# Basic DC electronics question



## Revenant (Mar 17, 2007)

I experimented with my battery charger and dimmer box in my quest to build a hot-wire "table saw" and the results were quite good. So the large cutting-out scene is pretty well squared away. Now I want to make some small handheld cutters, especially a fine detailing tool for cutting out "engraving" and lettering.

The problem: This little hot-wire exacto would only use about 2" of element wire at the most, or less. That's not much resistance, and I'd rather not have to crank the power way up just to get the business end hot enough, so logically I figured I'd just add a resistor or two on my circuit.
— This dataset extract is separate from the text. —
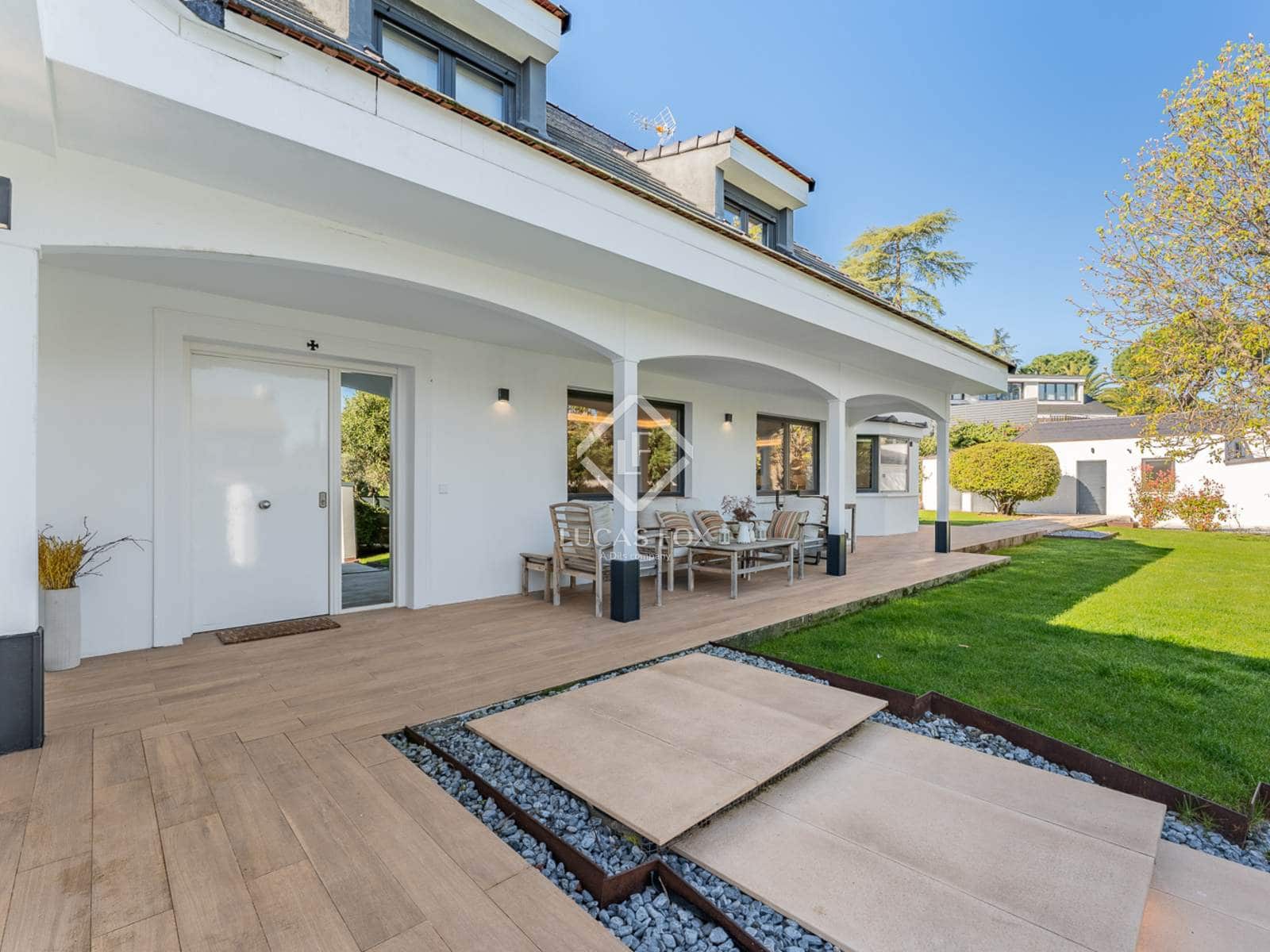 5 soveværelse Villa til salg i Pozuelo de Alarcon med swimmingpool garage - € 2.625.000 (Ref: 8971127)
*THE QUESTION:* Does it matter if I add the resistor at the positive or negative pole? My limited knowledge of electricity leads me to understand a resistor as "bottleneck" to the current. In a fluid, that would cause a pressure difference before and after. So if I want to increase the resistance of my little wire element, do I put the extra resistor "upstream" or "downstream" ? Would that be on the positive or negative side of it? Does it matter?


----------



## krypt (Oct 25, 2005)

Im pretty sure it does'nt matter, but wish somone would verify it though.


----------



## Otaku (Dec 3, 2004)

Resistors don't care where they are. The total ohms will be a combination of the resistor value and the wire (when wired in series). Remember that the resistor can get hot, too. If you get a hot resistor and still can't do the cutting, try a lower value resistor.


----------



## Revenant (Mar 17, 2007)

Sounds like I got my answer! Thanks much!


----------



## DeathTouch (Sep 6, 2005)

It doesn't matter, but it does matter the size and the heat that the resistor can take. If you put a dinky sized resistor and crank up the current, it might not be able to handle the heat going thru it.


----------